BEGIN Supplied records

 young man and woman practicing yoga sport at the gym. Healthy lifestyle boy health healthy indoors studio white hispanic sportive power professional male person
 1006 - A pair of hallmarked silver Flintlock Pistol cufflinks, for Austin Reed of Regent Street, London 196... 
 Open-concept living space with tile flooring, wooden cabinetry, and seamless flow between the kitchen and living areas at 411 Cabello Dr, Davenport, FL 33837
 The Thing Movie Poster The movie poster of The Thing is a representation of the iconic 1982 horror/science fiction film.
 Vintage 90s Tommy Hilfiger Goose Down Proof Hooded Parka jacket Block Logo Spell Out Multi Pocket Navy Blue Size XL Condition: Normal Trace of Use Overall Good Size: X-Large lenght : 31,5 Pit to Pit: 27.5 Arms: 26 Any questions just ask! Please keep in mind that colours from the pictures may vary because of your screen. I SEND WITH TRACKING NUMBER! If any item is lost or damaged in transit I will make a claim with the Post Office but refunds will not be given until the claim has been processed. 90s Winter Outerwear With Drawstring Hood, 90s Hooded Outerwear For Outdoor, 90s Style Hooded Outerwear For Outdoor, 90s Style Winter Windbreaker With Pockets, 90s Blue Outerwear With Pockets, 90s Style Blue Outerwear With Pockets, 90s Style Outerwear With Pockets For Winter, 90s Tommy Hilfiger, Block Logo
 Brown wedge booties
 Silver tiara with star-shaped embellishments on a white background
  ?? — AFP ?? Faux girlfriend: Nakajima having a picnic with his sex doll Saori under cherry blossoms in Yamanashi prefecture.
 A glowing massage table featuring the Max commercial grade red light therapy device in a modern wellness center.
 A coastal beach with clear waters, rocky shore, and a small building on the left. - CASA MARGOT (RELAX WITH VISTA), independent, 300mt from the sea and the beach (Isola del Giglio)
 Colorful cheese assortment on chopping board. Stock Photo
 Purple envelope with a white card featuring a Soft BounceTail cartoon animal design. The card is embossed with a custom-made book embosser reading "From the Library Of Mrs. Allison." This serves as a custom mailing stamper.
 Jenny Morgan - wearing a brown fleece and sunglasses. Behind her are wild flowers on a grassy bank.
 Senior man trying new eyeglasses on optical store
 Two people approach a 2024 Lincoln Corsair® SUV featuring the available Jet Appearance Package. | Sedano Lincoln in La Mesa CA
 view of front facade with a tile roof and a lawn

END Supplied records

▶ _Task instructions_:
Return all lines of the material above in which the word "tile" occurs.

▶ _Answer section_:
 Open-concept living space with tile flooring, wooden cabinetry, and seamless flow between the kitchen and living areas at 411 Cabello Dr, Davenport, FL 33837
 view of front facade with a tile roof and a lawn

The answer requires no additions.